It is important to understand that researchers almost never find the "perfect" dataset, containing data for all the variables they must measure in one download. Multiple datasets from different sources must often be combined. For example, you might find demographic and income information in the US census and then find urban revitalization information from the Department of Housing and Urban Development, producing two spreadsheets of data that you must combine.
Data cleaning, also sometimes referred to as data scrubbing, data munging or, in less academic settings, data wrangling, is the process of fixing or removing incorrect, corrupted, incorrectly formatted, duplicate, or incomplete data within a dataset. When combining multiple data sources there are many opportunities for data to be duplicated, formatted incorrectly (ex. one data source uses MM/DD/YYYY date format and another uses DD/MM/YY) or mislabeled (ex. one data source uses "race" as a label and another uses "race/ethnicity"). It is also possible, when combining datasets, that data will be missing (ex. certain variables may be missing data for certain years). If data is incorrect or inconsistent, outcomes and algorithms are unreliable, even though they may look correct.
When gathering datasets for your required variables, it is often helpful to keep a chart to record what you have successfully found, where, for what years (when applicable), for what populations (when applicable) and what format the data is available in. A sample chart might look like this:
Data source / citation | Years available | Teams | Data format | Other | |
Variable1: (ex. Team ticket revenue) | (ex. https://www.statista.com/statistics/193553/revenue-of-national-football-league-teams-in-2010/ | 2021 | all teams | revenue by team in 2021 (in million U.S. dollars) | |
Variable 2 (ex. Team concession revenue) | https://www.statista.com/statistics/202604/concession-stand-prices-in-the-national-football-league/ | 2006-2021 | all teams | revenue by team in U.S. dollars | |
Variable 3 (ex. Team parking prices) | https://bolavip.com/en/nfl/nfl-stadiums-list-capacity-parking-spaces-and-rates-in-2021-20210815-0016.html | 2022 | top ten teams | revenue in US dollars per parking space available | Tickets and concessions revenue is included in download. |
Variable 4 |
In the above example, if you were studying the value of hosting an NFL team from 2006-2016 for all host cities, the chart might help you understand you will need to do the following types of data cleaning:
After you determine the critical data values you need for your analysis; collect the data, sort and organize it, then you must clean it. There is no one, set procedure you will always follow to clean data. What you will need to do depends on the datasets you have located. Some general issues to consider are:
Step 1: Handle missing data
You may need to search for additional datasets, revise your years studied or populations studied, etc. How you manage missing data will depend on the impact the missing data has on your ability to conduct your study.

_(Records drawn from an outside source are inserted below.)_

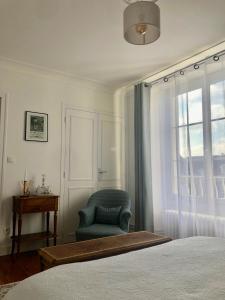 a bedroom with a blue chair and a window at Maison du 7 in Saint-Ouen-en-Belin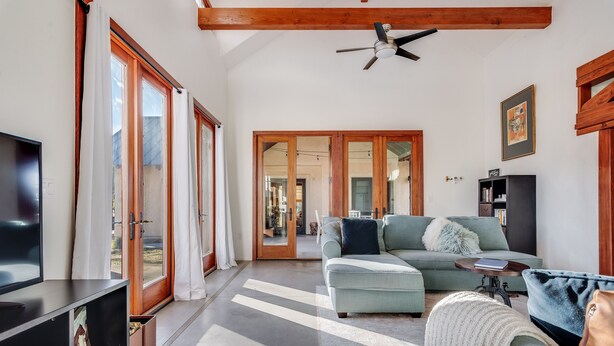 A spacious living room with a large sofa, a television, and a ceiling fan. - Harmony Over The Hill (Templeton)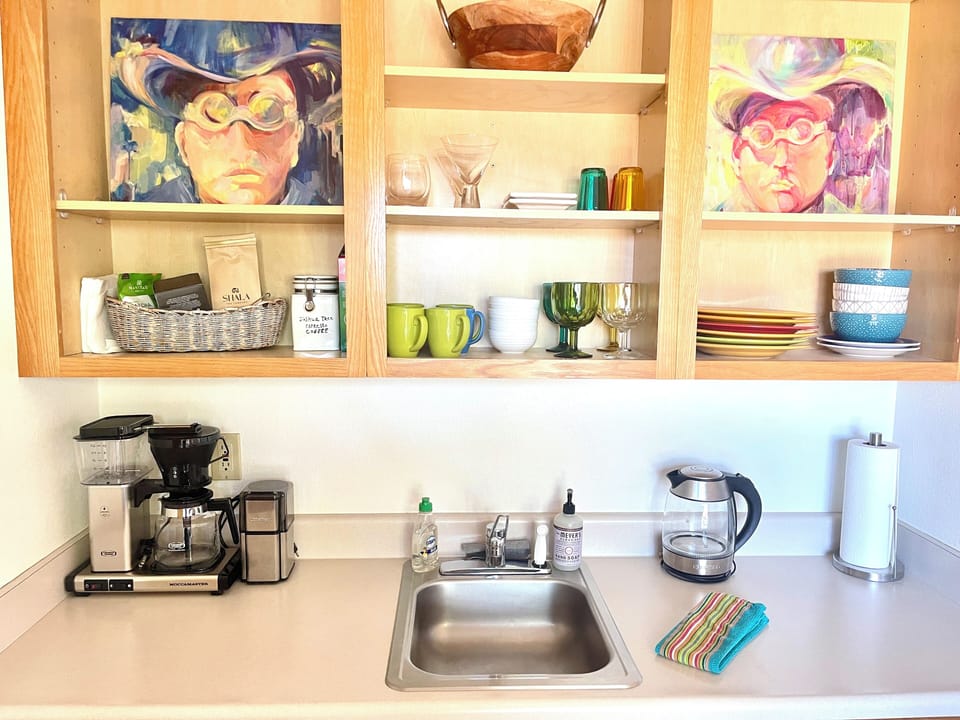 Joshua Tree dark roast coffee & grinder, teas, hot water dispenser. 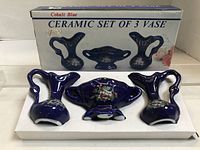 Set of 3 cobalt blue ceramic vases displayed in original packaging box labeled "CERAMIC SET OF 3 VASE."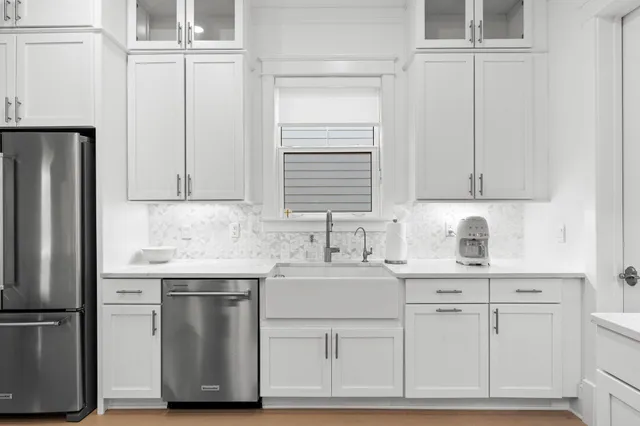 a kitchen with stainless steel appliances granite countertop a sink and a refrigerator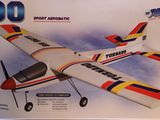 a box with a model of a small airplane in it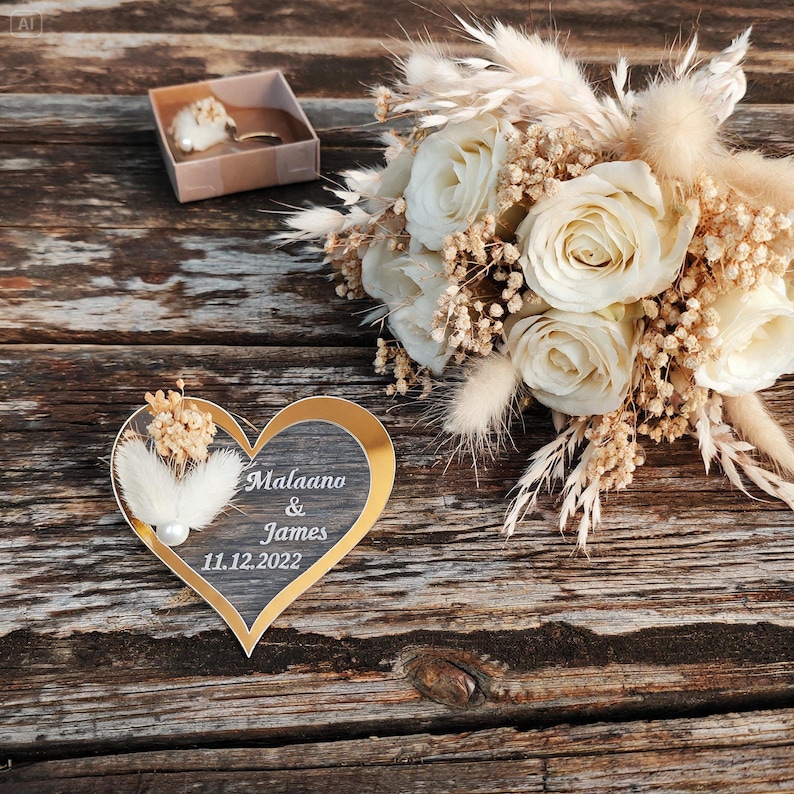 May include: A heart-shaped plaque with a gold border and dark center, featuring the white text "Malaano & James 11.12.2022" and a small white feather accent, displayed next to a bouquet of cream roses and dried grasses and a small gift box.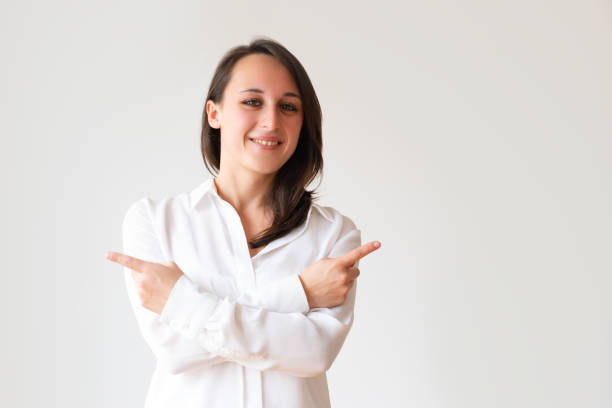 istock Beautiful young woman pointing at copy space 1079454992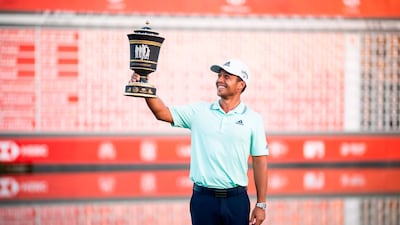 Xander Schauffele poses with the trophy after winning the WGC-HSBC Champions golf tournament in Shanghai. AFP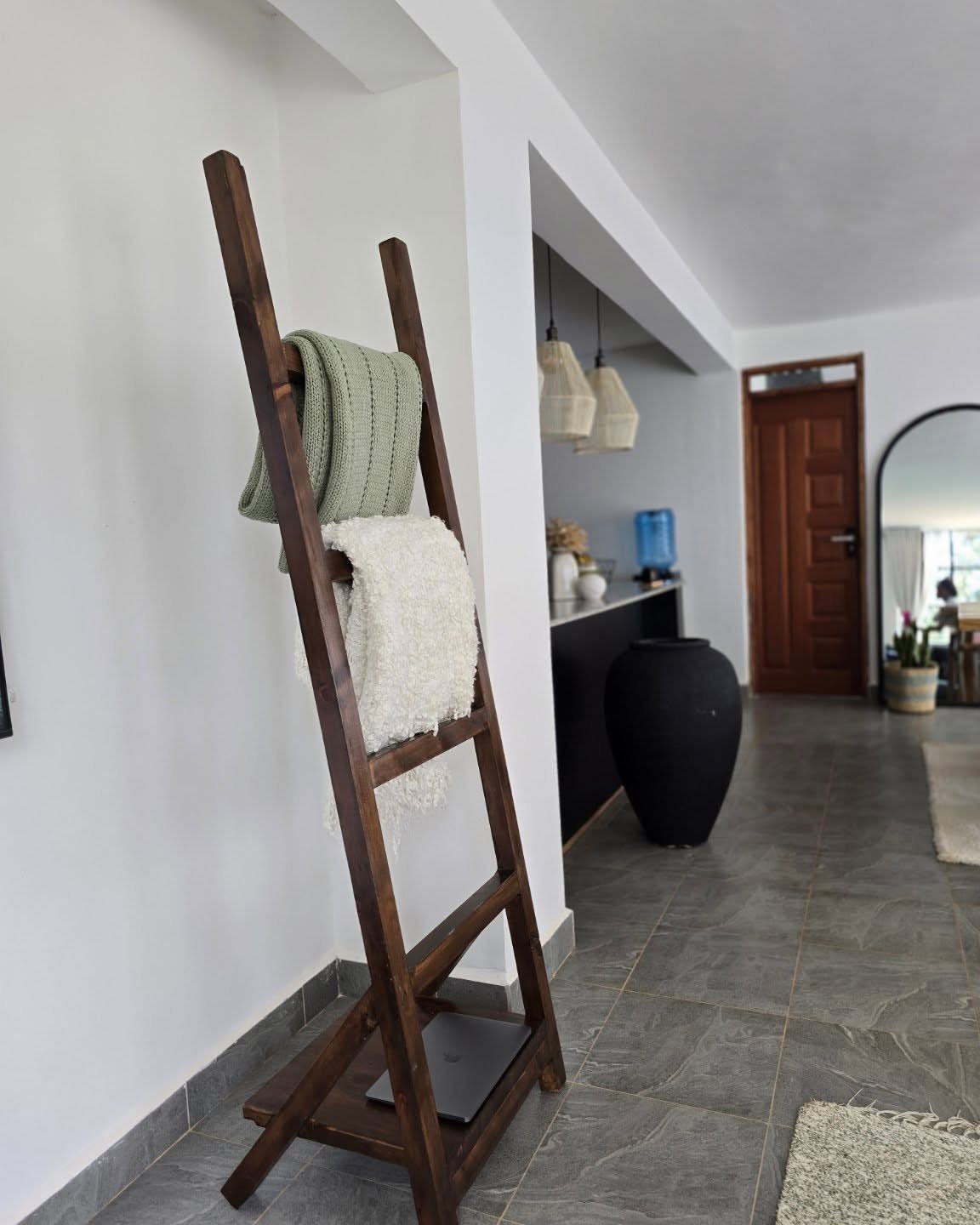 Wooden blanket ladder leaning against a white wall with two blankets draped over it.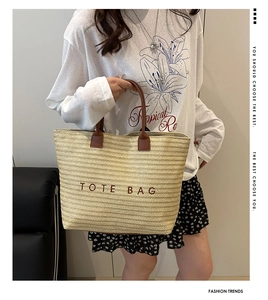 Close-up of woven straw tote bag featuring brown leather handles and embroidered lettering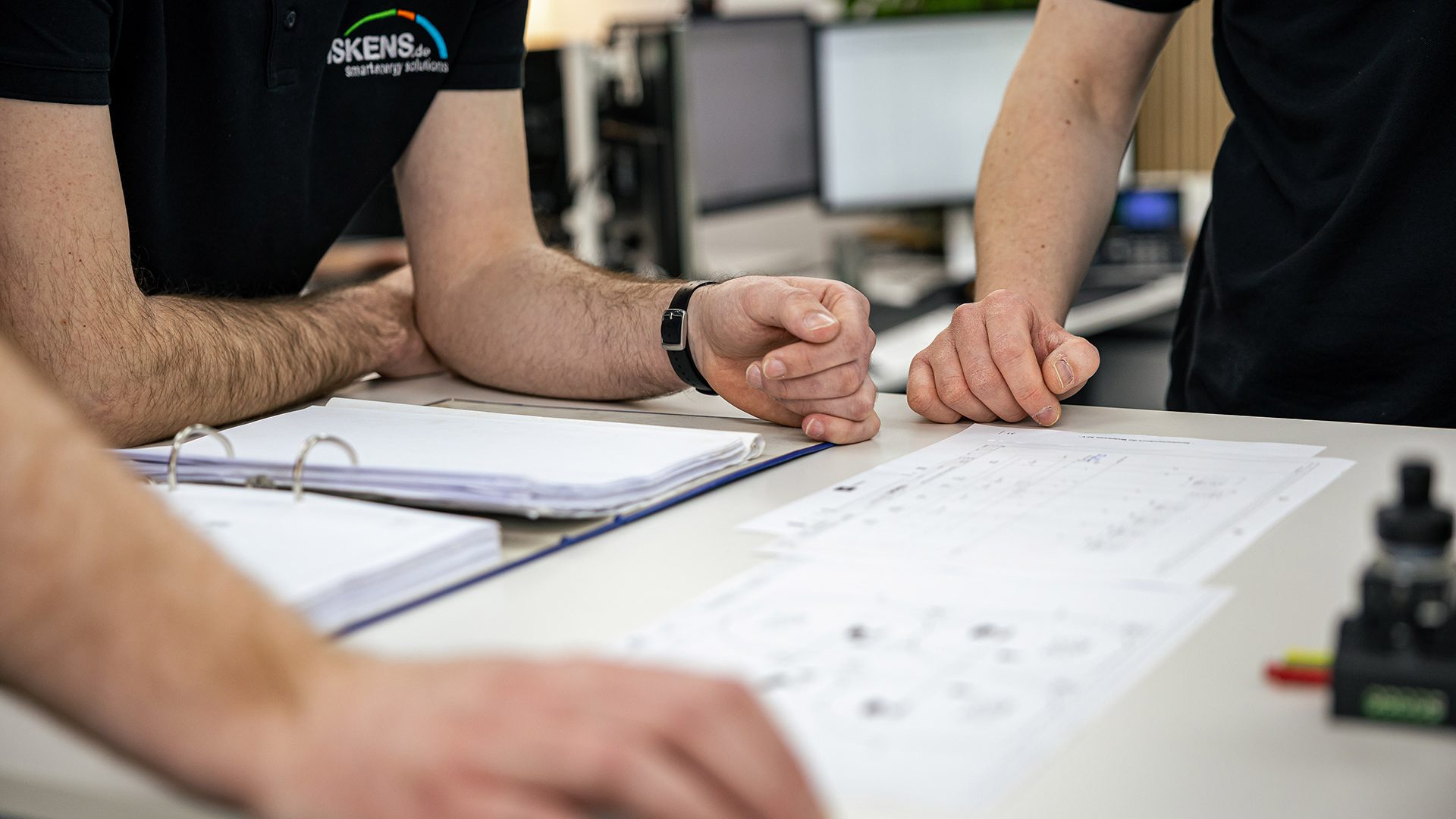 Zwei Personen in schwarzen Shirts betrachten technische Pläne und Dokumente auf einem Schreibtisch im Büro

Step 2: Remove duplicate or irrelevant observations
When combining datasets, as in the example above, you may obtain the same data from multiple sources. Similarly, some datasets may include information about variables that are not relevant to your study (ex. you are studying NFL team revenue and your dataset includes NFL, MLB and NBA revenue). Duplicate and irrelevant data should be removed.
Step 3: Fix structural error and formatting inconsistencies
Fix issues such as capitalization and spelling inconsistencies; ensure forms of measurement and labeling etc are consistent; remove unnecessary data formats (such as XML) and make sure data that requires formatting (such as numeral vs, text strings vs. dates) have the proper formatting.
Step 4: Filter unwanted outliers
Often, there will data that, at a glance, does not appear to fit. If you have a legitimate reason to remove an outlier, like improper data-entry, doing so will help the performance of the data you are working with. However, sometimes it is the appearance of an outlier that will prove a theory you are working on. Be thoughtful and intentional if you remove outliers.